Give again the lines from the line with "Đèn Led Cánh Bướm Có Động Cơ Đèn" to the last line of the records, exactly and in full. Do not carry over any pictures.

**SUPPLIED RECORDS**:

* * * * * * * * *

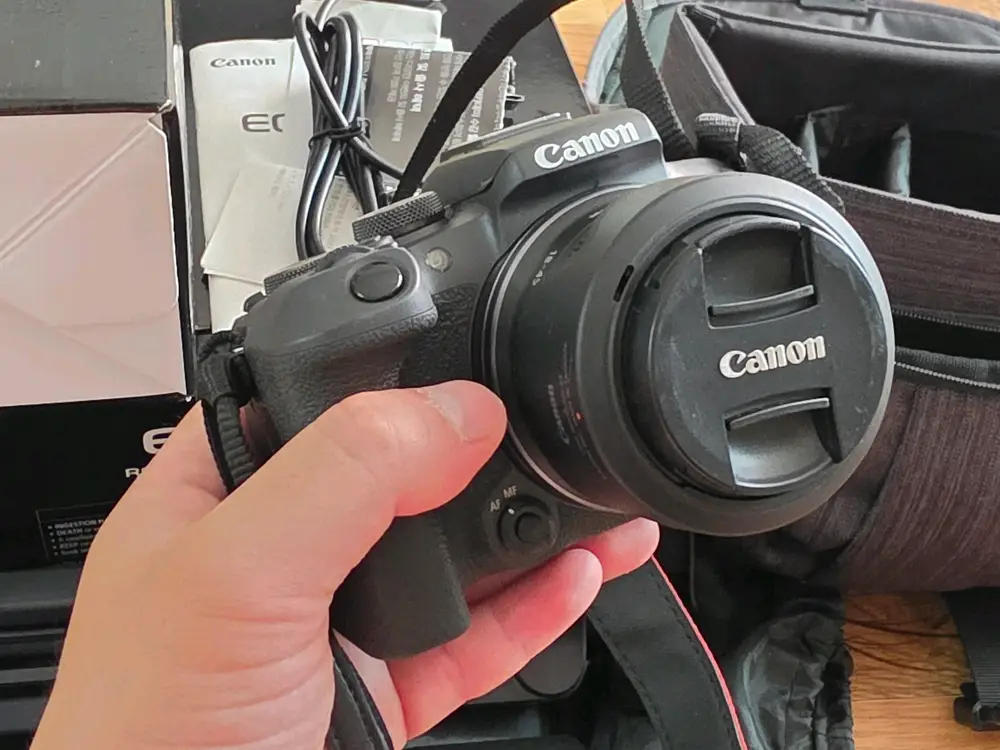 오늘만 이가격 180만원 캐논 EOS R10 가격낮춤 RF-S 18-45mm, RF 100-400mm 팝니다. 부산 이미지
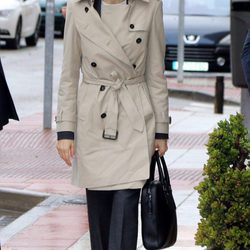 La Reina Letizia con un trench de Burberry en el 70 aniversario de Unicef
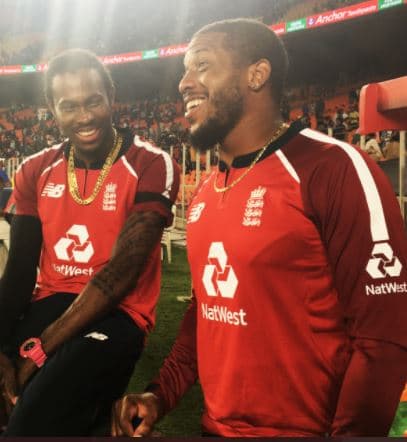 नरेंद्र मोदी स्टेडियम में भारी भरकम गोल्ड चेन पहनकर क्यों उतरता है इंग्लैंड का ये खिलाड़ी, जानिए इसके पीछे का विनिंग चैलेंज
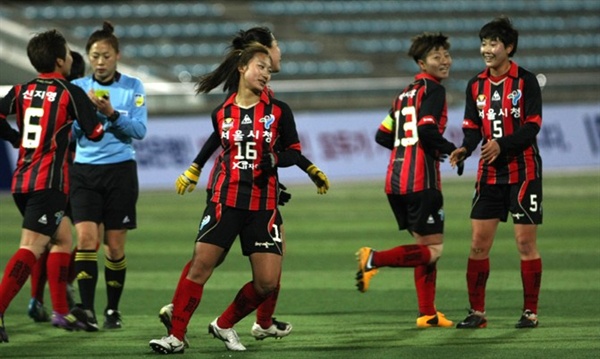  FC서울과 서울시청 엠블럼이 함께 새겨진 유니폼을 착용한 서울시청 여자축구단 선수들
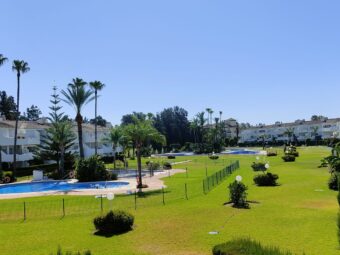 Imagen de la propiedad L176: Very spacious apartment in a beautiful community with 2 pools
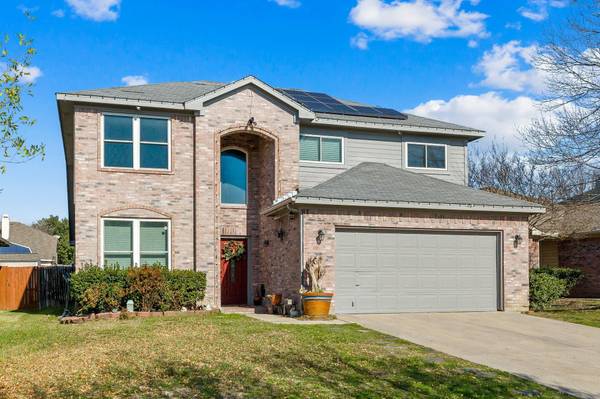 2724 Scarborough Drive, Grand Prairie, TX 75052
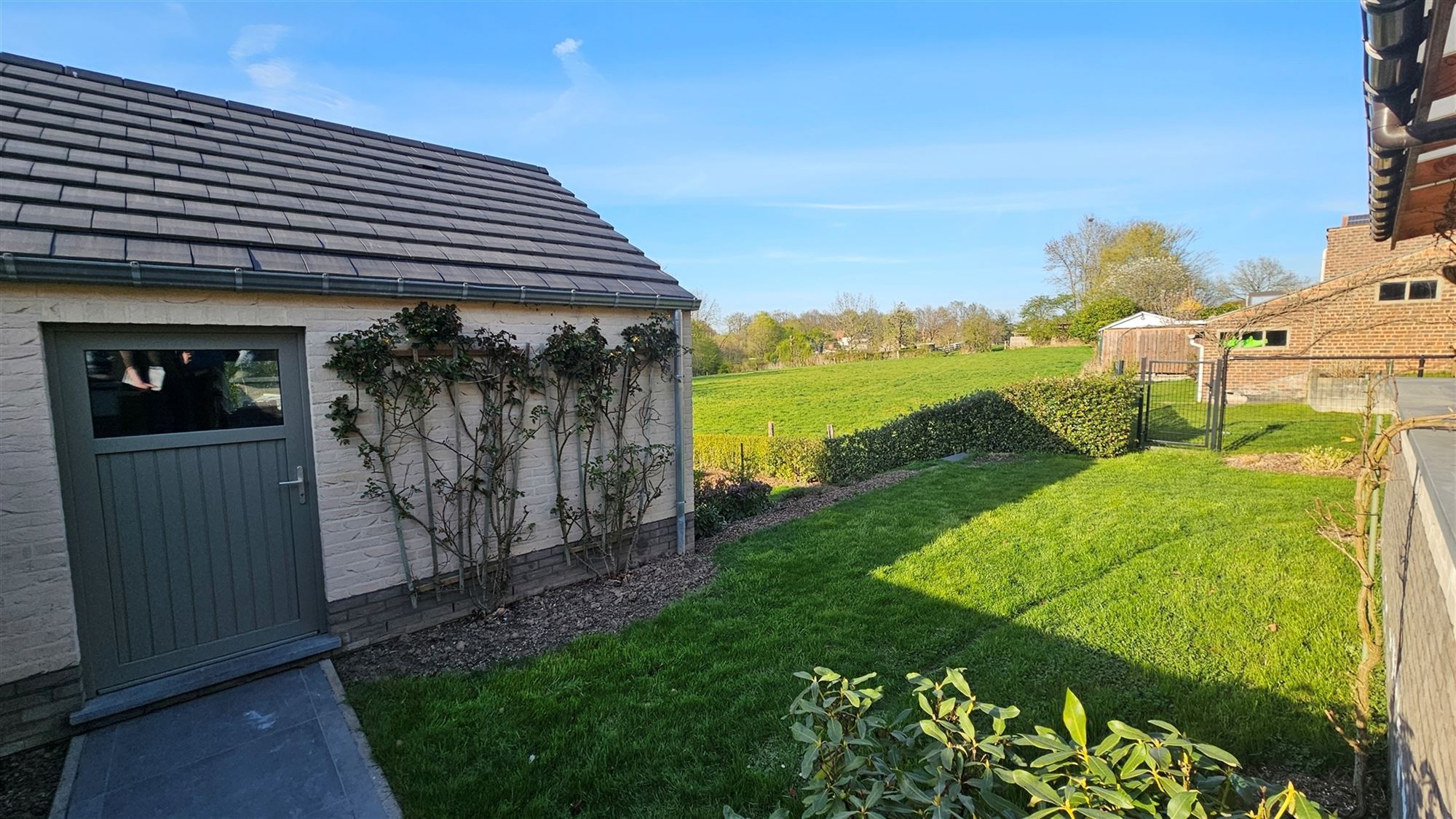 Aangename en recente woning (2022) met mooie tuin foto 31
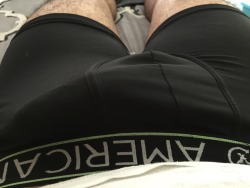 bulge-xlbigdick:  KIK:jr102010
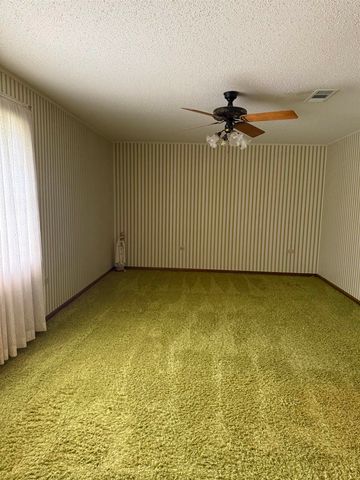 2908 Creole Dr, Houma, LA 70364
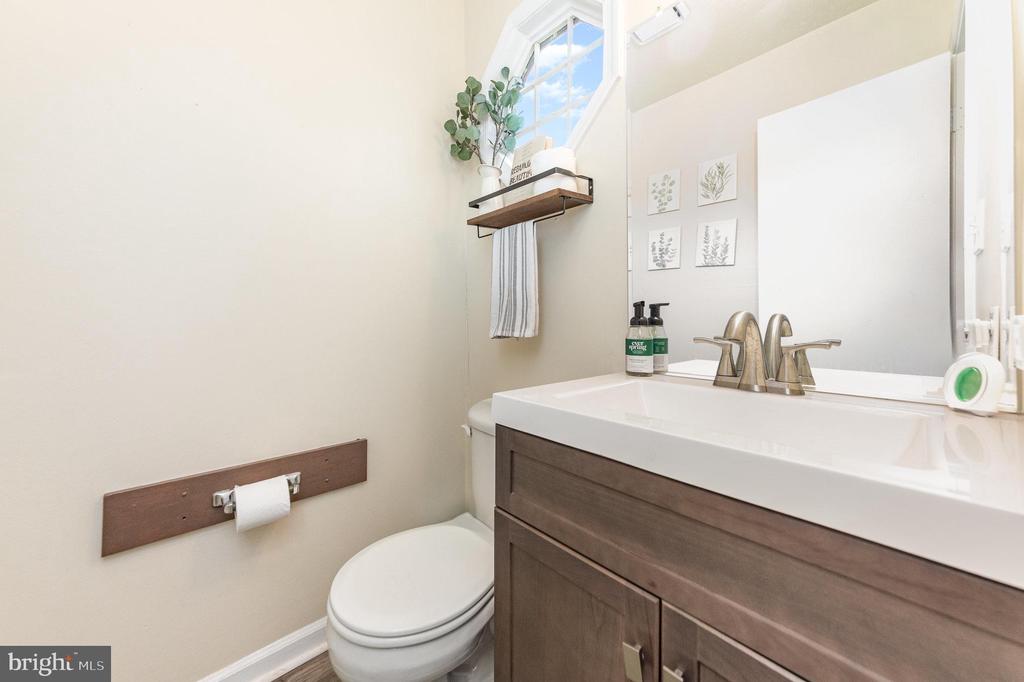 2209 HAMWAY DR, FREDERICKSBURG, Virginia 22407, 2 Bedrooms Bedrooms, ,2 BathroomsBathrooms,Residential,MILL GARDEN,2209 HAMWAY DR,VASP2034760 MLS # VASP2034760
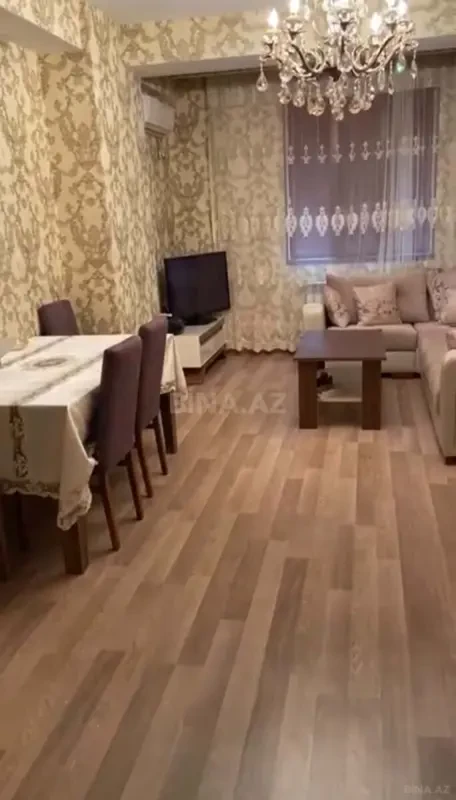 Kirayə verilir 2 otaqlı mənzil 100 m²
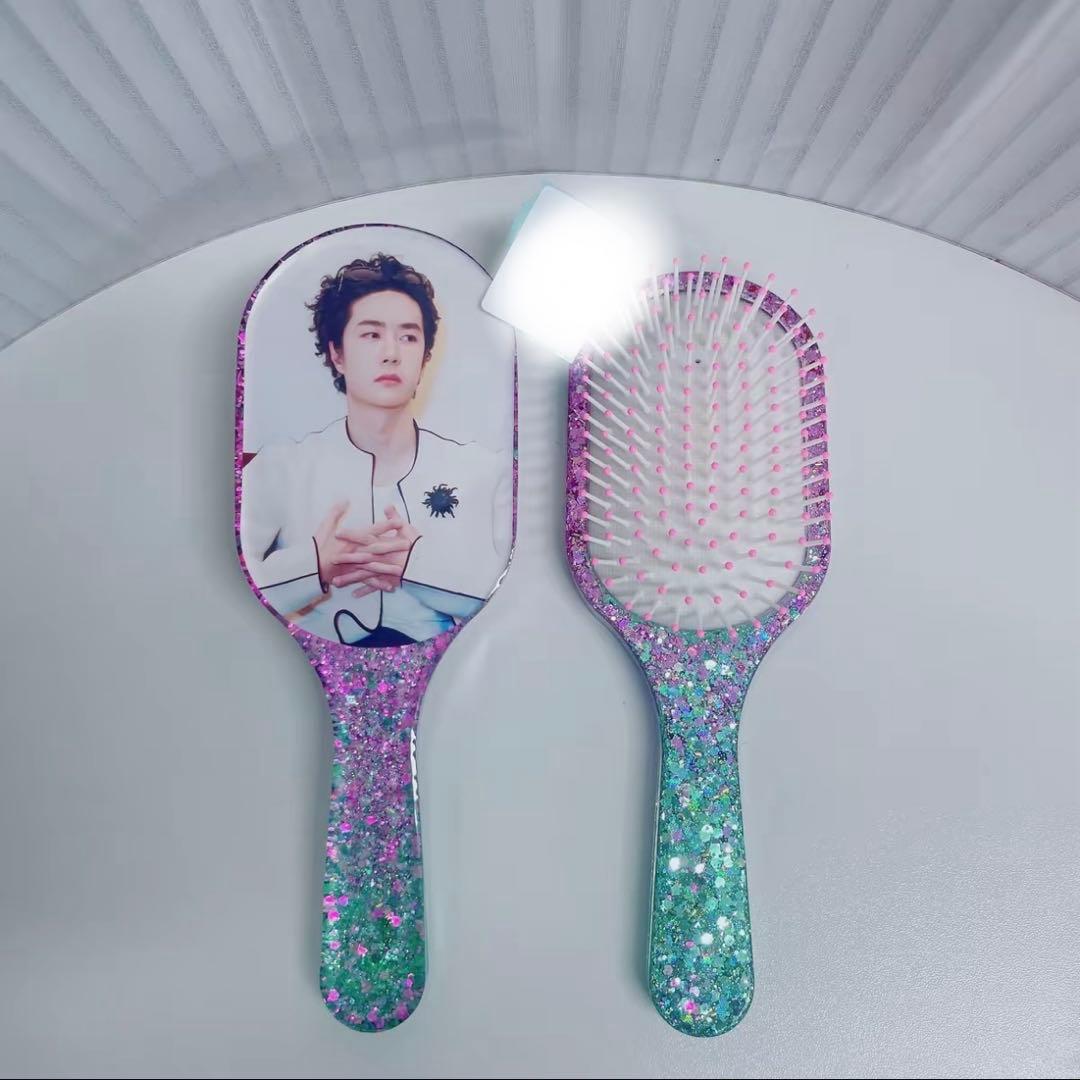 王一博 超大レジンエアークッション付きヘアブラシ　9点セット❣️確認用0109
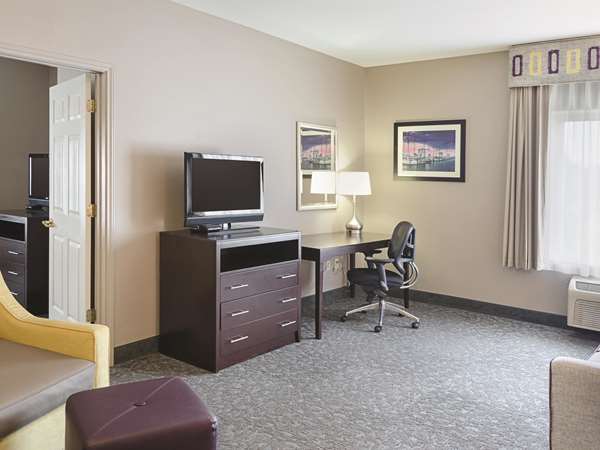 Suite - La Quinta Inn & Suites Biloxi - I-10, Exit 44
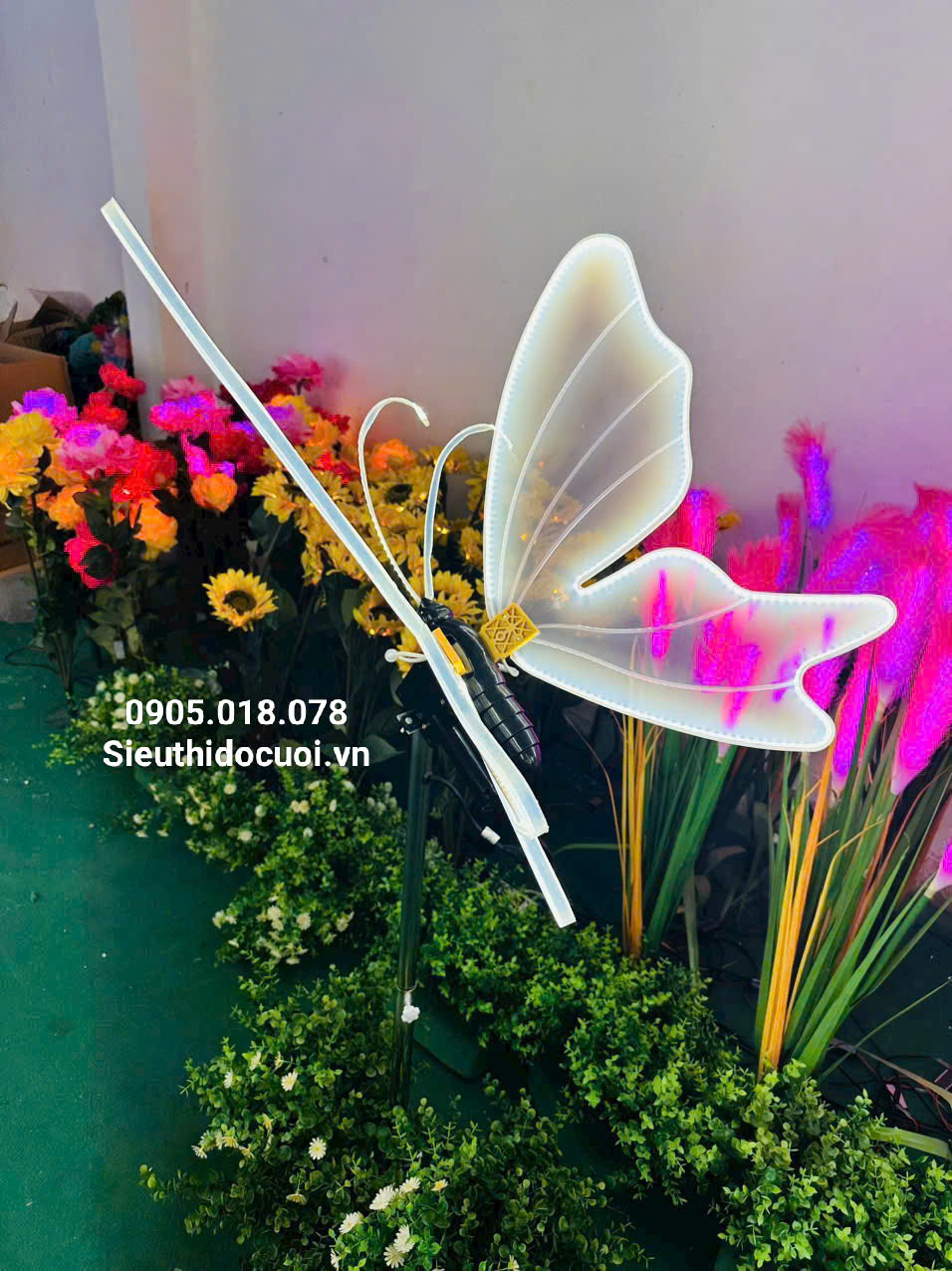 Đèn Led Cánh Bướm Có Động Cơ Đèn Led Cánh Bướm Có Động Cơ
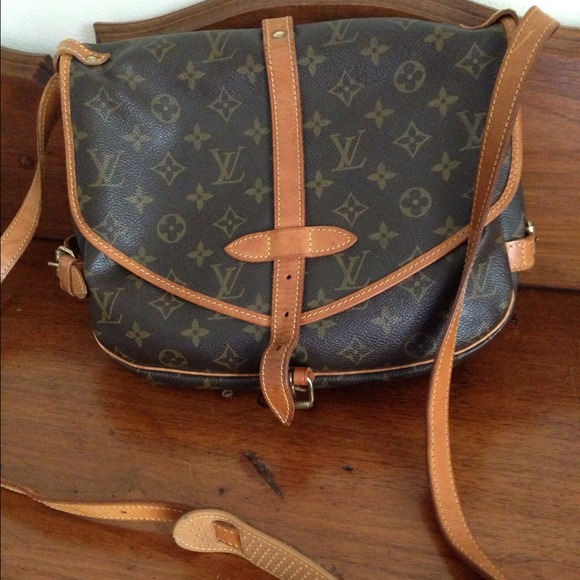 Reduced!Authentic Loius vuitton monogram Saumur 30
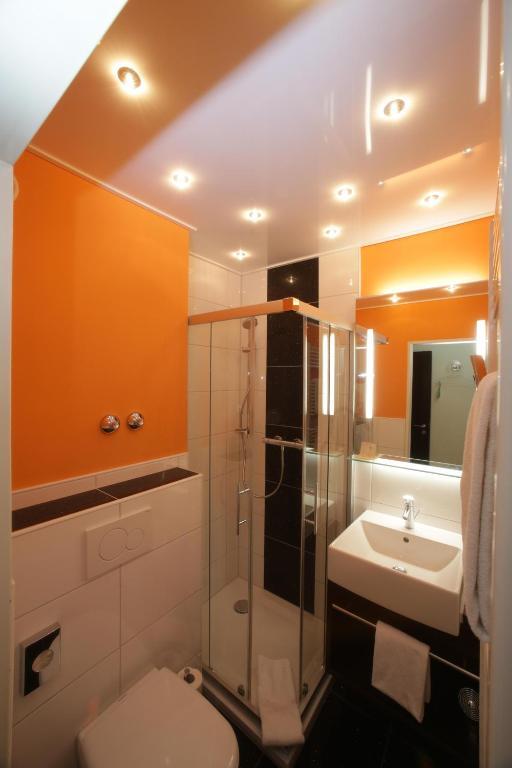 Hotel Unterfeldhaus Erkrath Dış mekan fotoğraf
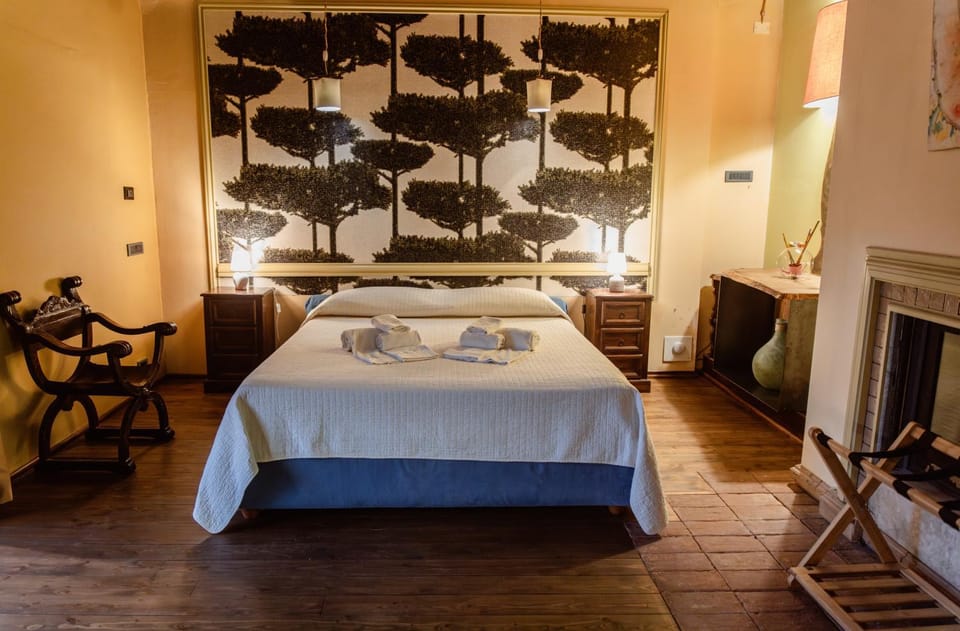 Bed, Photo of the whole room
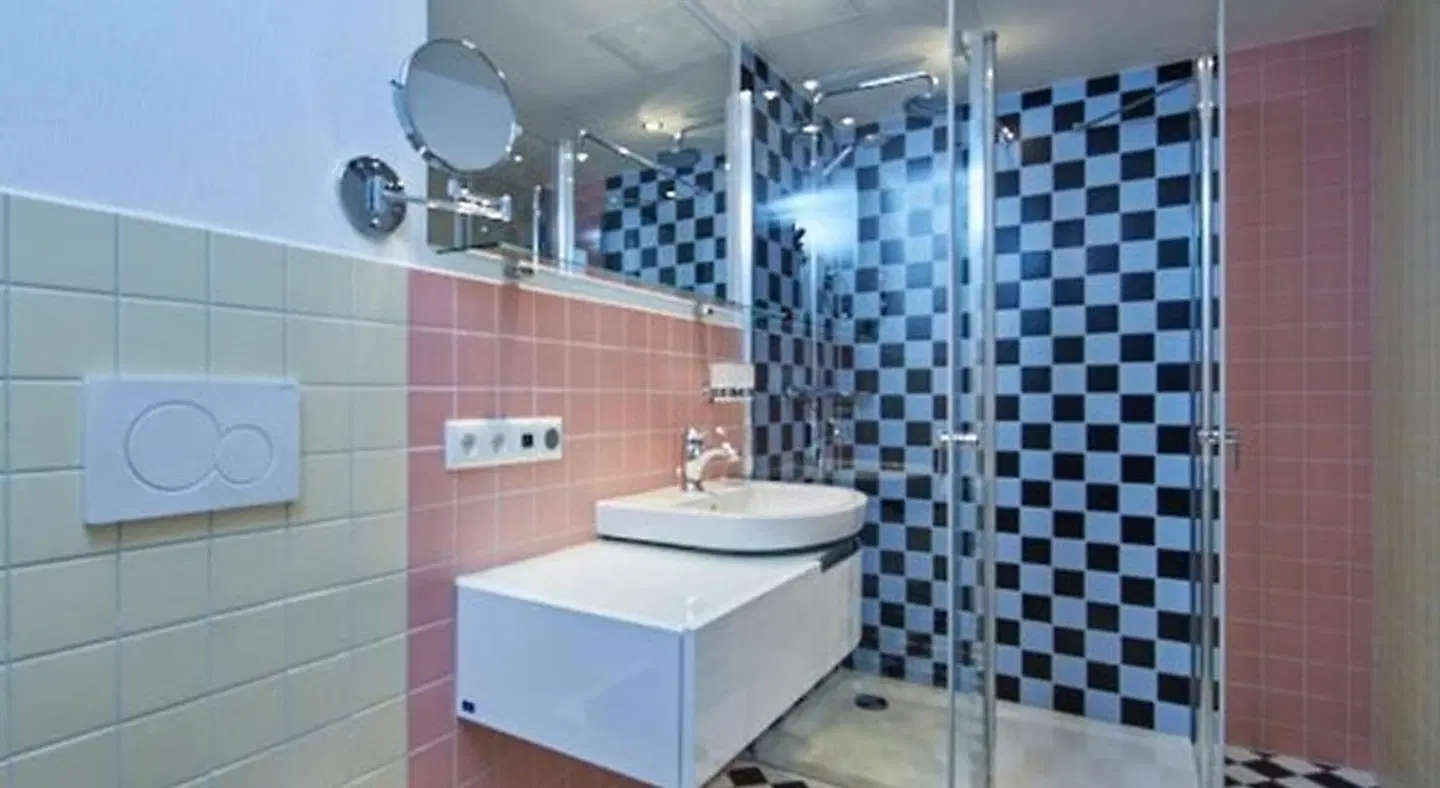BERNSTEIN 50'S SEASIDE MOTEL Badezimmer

* * * * * * * * *

**ANSWER BOX**:
 Đèn Led Cánh Bướm Có Động Cơ Đèn Led Cánh Bướm Có Động Cơ
 Reduced!Authentic Loius vuitton monogram Saumur 30
 Hotel Unterfeldhaus Erkrath Dış mekan fotoğraf
 Bed, Photo of the whole room
BERNSTEIN 50'S SEASIDE MOTEL Badezimmer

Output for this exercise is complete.